神無月の水端
交通事故から三日過ぎた頃。
普段とさして変わりない日常の中、昼休み開始のチャイムとともに購買に向かう。
目当てのコロッケパンが無く、仕方なしに選んだ焼きそばパンとコーヒーを入手し、屋上への階段を上る。
もう片方の手で痛む尻を摩りながら、病室でのやりとりを思い出していた。
あれから勿論の事、深月には会っていない。
他の生徒が数人高い柵に凭れ掛かっているのを歩きながら一瞥し、目的のベンチに到着した。

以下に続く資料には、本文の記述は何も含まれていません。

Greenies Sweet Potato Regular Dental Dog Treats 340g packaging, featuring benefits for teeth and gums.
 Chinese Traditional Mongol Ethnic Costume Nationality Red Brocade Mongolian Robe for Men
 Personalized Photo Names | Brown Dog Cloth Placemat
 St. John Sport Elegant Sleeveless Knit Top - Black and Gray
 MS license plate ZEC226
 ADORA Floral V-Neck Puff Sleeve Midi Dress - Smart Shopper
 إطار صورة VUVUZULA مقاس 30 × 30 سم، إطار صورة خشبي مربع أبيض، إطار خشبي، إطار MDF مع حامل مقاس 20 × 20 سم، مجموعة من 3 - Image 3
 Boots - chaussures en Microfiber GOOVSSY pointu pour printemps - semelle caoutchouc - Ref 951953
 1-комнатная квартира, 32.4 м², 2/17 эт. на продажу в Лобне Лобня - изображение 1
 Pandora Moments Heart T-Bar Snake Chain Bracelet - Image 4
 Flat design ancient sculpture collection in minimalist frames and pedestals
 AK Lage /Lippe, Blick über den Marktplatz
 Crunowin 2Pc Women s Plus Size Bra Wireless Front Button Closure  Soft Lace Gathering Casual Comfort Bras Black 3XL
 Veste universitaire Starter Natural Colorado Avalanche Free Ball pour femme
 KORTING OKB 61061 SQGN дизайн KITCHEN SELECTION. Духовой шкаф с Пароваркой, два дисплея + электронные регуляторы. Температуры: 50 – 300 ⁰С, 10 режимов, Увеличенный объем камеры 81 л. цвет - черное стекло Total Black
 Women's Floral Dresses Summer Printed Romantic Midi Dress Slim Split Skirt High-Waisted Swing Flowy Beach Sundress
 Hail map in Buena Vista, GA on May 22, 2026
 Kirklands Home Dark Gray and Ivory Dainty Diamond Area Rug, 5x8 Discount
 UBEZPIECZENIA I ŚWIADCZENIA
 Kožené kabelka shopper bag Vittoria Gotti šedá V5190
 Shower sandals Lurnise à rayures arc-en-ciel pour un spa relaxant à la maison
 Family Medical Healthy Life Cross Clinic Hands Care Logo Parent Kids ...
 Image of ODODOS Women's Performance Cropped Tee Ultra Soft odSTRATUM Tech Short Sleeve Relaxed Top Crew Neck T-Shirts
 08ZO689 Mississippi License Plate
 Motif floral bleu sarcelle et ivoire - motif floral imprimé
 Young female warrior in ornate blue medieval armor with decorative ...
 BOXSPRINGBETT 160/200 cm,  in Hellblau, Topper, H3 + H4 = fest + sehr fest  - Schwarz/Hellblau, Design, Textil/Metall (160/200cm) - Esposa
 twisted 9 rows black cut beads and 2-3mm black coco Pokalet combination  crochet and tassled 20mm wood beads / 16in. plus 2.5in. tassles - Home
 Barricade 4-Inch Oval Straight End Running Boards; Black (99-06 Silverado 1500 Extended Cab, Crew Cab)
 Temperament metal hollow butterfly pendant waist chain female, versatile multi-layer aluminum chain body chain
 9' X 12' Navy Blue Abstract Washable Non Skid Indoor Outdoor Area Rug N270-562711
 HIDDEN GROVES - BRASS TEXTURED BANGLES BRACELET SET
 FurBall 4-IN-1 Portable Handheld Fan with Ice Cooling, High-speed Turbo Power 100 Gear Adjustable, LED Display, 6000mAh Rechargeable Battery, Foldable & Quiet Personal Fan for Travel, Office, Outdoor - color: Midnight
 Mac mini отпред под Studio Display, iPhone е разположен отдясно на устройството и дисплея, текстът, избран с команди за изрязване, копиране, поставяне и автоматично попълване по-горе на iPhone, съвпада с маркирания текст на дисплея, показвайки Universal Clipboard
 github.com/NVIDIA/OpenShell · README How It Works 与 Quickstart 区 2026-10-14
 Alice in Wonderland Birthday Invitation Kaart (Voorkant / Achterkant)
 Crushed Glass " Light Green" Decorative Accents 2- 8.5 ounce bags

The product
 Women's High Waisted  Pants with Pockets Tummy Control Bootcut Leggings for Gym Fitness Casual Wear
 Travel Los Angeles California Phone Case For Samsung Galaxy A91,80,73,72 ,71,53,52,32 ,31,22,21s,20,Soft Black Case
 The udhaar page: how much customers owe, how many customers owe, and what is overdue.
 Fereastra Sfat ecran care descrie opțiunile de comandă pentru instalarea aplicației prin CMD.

紅生姜の酸味を感じながら、日に日に冷たくなる風を浴びる。
そろそろバス通にしようかな、等と腹の中で呟き、刺したストローでコーヒーを飲む。
今日はブラックだ。
そんな気分だったからだ。
超能力や予知能力など断じて信じていない。
あの日の交通事故も偶然起こっただけで、深月が予知したとは言い切れない。
たまたま、合致する内容のアドバイスだった、ってだけかもしれない。
苦みと酸味が脳天に抜ける感覚をしっかりと噛みしめ、ベンチに横になった。
だが俺はそれでもいい。
天使だろうが予知能力だろうが、アイツの言葉で俺が救われたのは動かぬ事実だ。
命の恩人――。
返すべき恩義は、信用として返すのが俺なりの処世術だ。
今となってはそれも一人芝居にしかならないだろう。
アイツが「さよなら」と言ったのなら、きっとそれはさよならなのだ。
深月の事は一生忘れない。
そう誓って、浅く突き刺さる日差しに細くなっていた目を完全に閉じた。
…………。
「ナツキサン!!」
六割程夢の世界に沈み込んでいた俺の意識を、聞き覚えのある甲高い声が引っ張り上げた。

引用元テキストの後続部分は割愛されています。